• _Problem requirements_
Look below for the line with "Memorial tribute with" and the line with "Malý velikonoční zajíček". Copy exactly those two lines and every line between, but not the pictures.
*** Opening of Exercise inputs ***
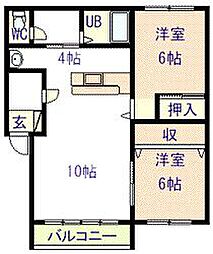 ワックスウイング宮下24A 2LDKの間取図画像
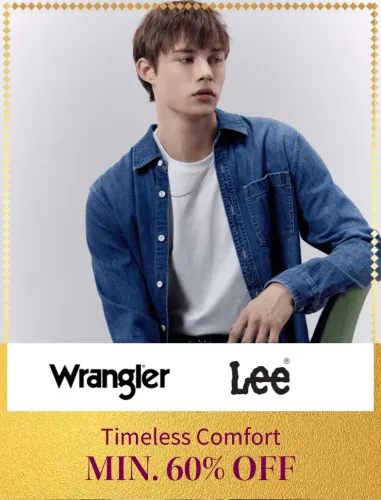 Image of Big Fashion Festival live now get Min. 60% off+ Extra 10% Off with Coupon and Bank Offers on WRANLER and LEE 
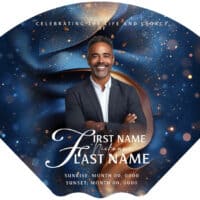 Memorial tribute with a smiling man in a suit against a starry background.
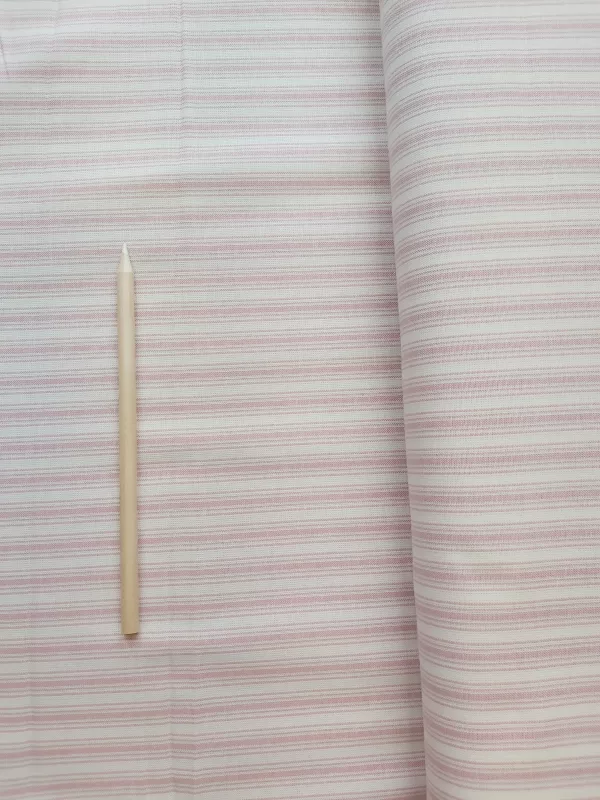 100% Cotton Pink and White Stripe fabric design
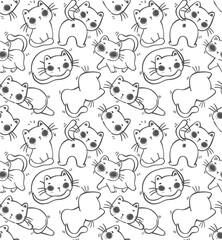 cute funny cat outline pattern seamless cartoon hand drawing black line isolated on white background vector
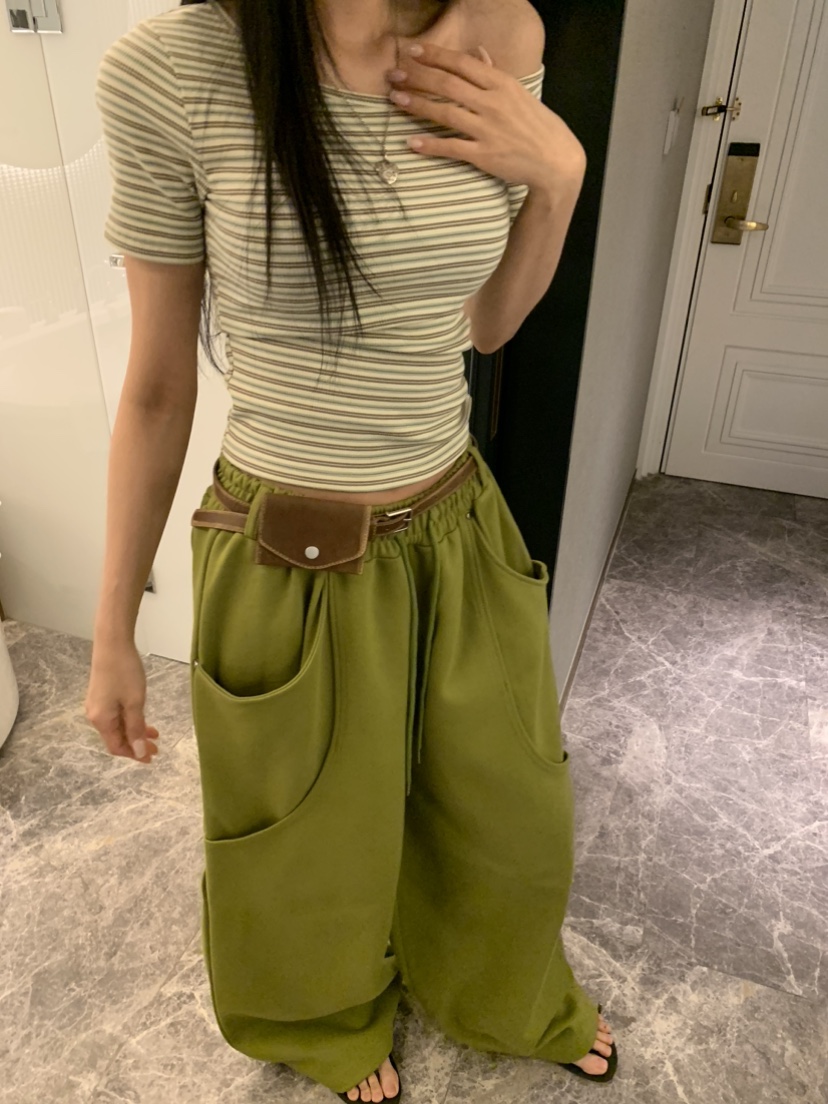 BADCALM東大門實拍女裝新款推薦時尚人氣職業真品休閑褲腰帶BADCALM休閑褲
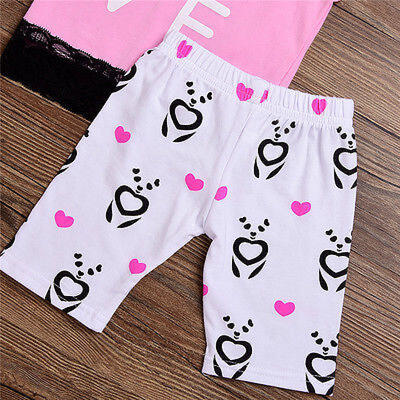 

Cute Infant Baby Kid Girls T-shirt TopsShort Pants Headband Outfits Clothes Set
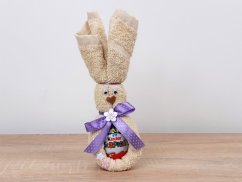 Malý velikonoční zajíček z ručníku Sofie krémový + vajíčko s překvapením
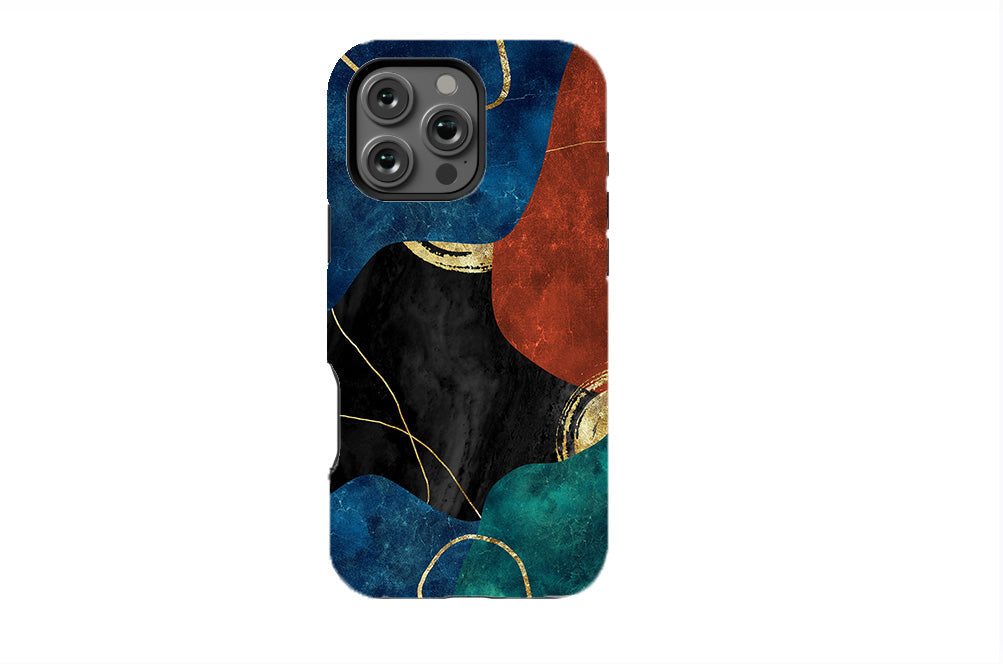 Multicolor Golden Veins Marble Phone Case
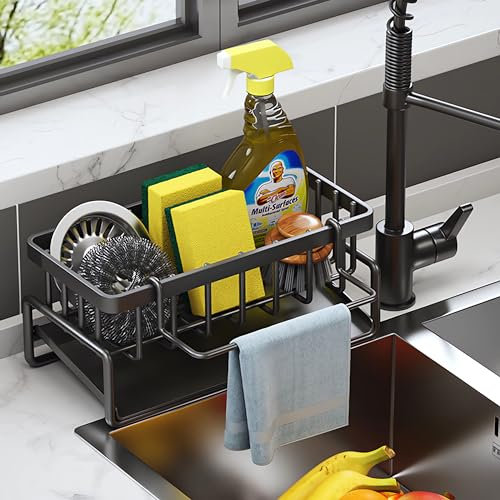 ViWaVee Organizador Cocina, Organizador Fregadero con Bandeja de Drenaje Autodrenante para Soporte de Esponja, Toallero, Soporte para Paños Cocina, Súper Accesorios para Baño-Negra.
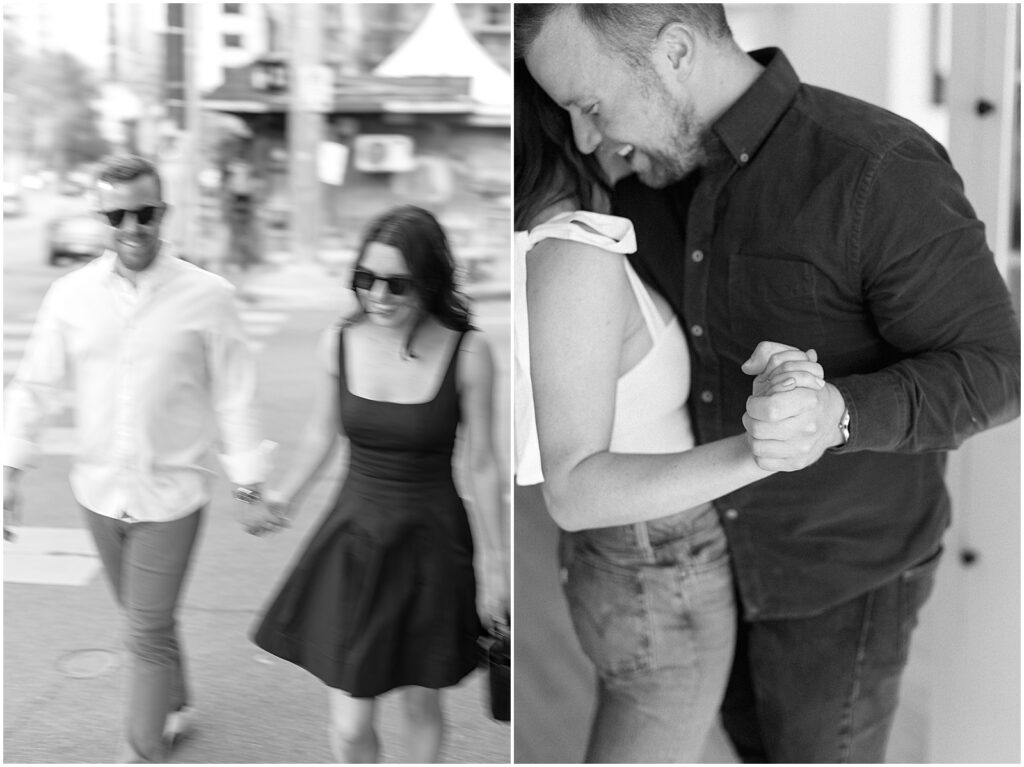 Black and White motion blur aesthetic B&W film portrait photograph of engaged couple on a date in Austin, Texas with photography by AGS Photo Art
*** Close of Exercise inputs ***
• _Answer area_
 Memorial tribute with a smiling man in a suit against a starry background.
 100% Cotton Pink and White Stripe fabric design
 cute funny cat outline pattern seamless cartoon hand drawing black line isolated on white background vector
 BADCALM東大門實拍女裝新款推薦時尚人氣職業真品休閑褲腰帶BADCALM休閑褲

Cute Infant Baby Kid Girls T-shirt TopsShort Pants Headband Outfits Clothes Set
 Malý velikonoční zajíček z ručníku Sofie krémový + vajíčko s překvapením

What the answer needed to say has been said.